担当のメカニックに話を聞いてみると、エンジンチェックランプは点灯しておらず、センサー系の電気的なトラブルではないと思うとのことであった。
当会が所有している日立製の外部診断機HDM3000を車両に接続し、アイドリング時のデータモニタをおこなったところ、アイドリング時にO2センサーが反応していなかった。
エンジン回転を3000回転ほどに上げO2センサーの反応を調べたところ、正常に反応することから、O2センサーヒーターが作動していないのではないかと思われた。
ダイアグノーシスコードを確認すると、「P0135」(O2センサーヒーター断線)を記憶していたが、エンジンチェックランプは点灯していない。
過去の故障コードであろうかと思いながらも時間がなかったため、まずはO2センサーを交換するように説明して診断を終えた。
O2センサーヒーターが正常に作動していないように思えたのだが、なぜエンジンチェックランプが点灯しないのだろうかと考えていたときにハッと閃いた。
急いで先方に電話し、「キーON時にエンジンチェックランプは点灯しますか?」と問い合わせたところ、点灯しないという。
これで全てがつながった。
O2センサーヒーターが断線し、エンジンチェックランプが点灯するようになったが、エンジンの不具合を感じないために球を抜いていたのである。

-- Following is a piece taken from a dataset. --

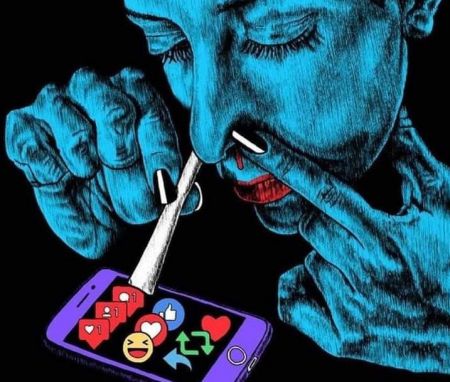 Η ψεύτικη ζωή της… social ζωής, οι «φίλοι», οι «έρωτες» στα χρόνια του Facebook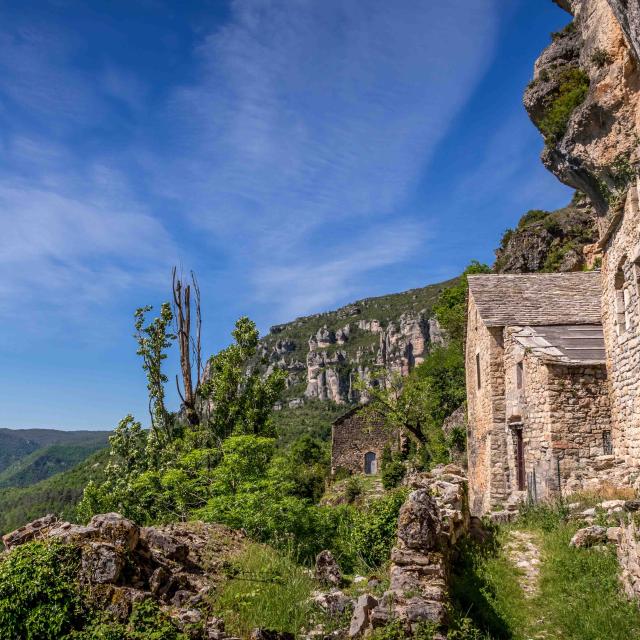 Rando Aerienne Villages Troglodytiques Aventure 24 Gorges Du Tarn Laetitia Raisin Robert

O2センサーヒーターの断線は確かに不具合を感じないが、球を外してしまうと、万が一重大な故障が発生しても運転者に異常を警告できなくなってしまう。
もし運転者が球を外していることを知らずに重大な事故が発生すると、責任問題にも発展しかねない。
また、O2センサーヒーターが断線し不具合を感じなくても、今回のようにCOが10%も検出されるようであれば、燃費はかなり悪くなっている。
そのことをユーザーに説明し、修理を行うのが整備士の役割ではないだろうか。
安易で安価な方法に走ってしまえば、いつか必ずツケが回ってくる。
自分自身に改めて戒めを喚起する事例であった。